Private Dictation Is a Philosophy
When you speak, your words should stay on your machine. No cloud, no accounts, no telemetry. Steno was built so your thoughts never leave your Mac.
When you dictate into most speech-to-text products today, here's what happens: your voice is streamed to a server somewhere, processed by a model running on someone else's hardware, and returned as text. Along the way, it may be logged, analyzed, used to train future models, or stored indefinitely. You don't know. You can't know. The privacy policy probably says they can.
This is the default. It's so normal that most people don't think about it. But voice is different from text. Your speaking voice contains not just your words but your tone, your hesitation patterns, your accent, your emotional state. It's biometric data dressed as convenience.
Steno was built on a different premise: your voice should never leave your machine.
When you dictate with Steno, the entire pipeline runs locally on Apple Silicon. The Whisper model that transcribes your speech runs on your Mac's Neural Engine. The Qwen model that optionally refines your prose runs on the same chip. No network call. No server. No account. No analytics. No telemetry. Just your voice, your machine, and text that appears in your cursor.
This isn't just a privacy feature. It's a philosophy about what software should be.
The argument for cloud processing is always the same: it lets us run bigger models, improve accuracy over time, and add features that require server-side compute. These are real benefits. But they come at a cost that isn't priced into the product. The cost is the loss of sovereignty over your own words.
When you send your voice to a cloud service, you're not just using a tool. You're entering a relationship. You're trusting a company not to misuse your data today, and you're trusting that their policies won't change tomorrow. You're trusting that they won't get acquired by someone with different values. You're trusting that their security is good enough.
These are reasonable bets for some kinds of software. They are not reasonable bets for software that listens to you think.
Dictation is intimate. It captures thoughts in their raw form — before you've edited them, before you've decided what to share and what to keep private. The hesitation. The false starts. The ideas you speak aloud and immediately reconsider. This isn't data that should live on someone else's server.
Building Steno entirely locally required making hard trade-offs. The models we bundle with the app are ~3.4 GB. The refinement step runs a 4-bit quantized model that, while impressive, is not as capable as a cloud-hosted frontier model. Every feature we add has to work within the thermal and memory constraints of a consumer Mac.
These are real constraints. But they're also a design discipline. They force us to ask: what does this feature actually need to do? Can we achieve it with less? Is the user better served by a simpler, local implementation than a more powerful, cloud-dependent one?

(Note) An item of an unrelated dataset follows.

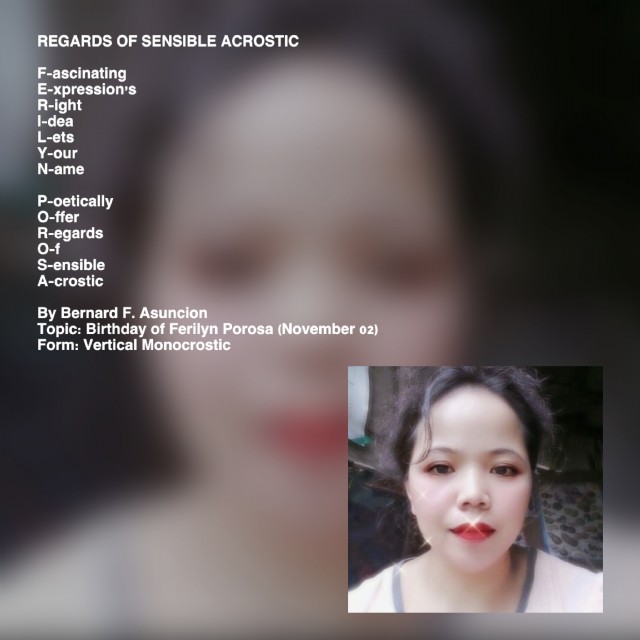 Regards Of Sensible Acrostic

The answer, much of the time, is yes.
Private dictation isn't just about keeping your words safe. It's about building software that respects a fundamental boundary: your thoughts are yours. When you speak them aloud, the tool that captures them should be an extension of your machine, not a portal to someone else's.
This is the philosophy behind Steno. Not privacy as a feature checkbox. Privacy as the starting point from which everything else follows.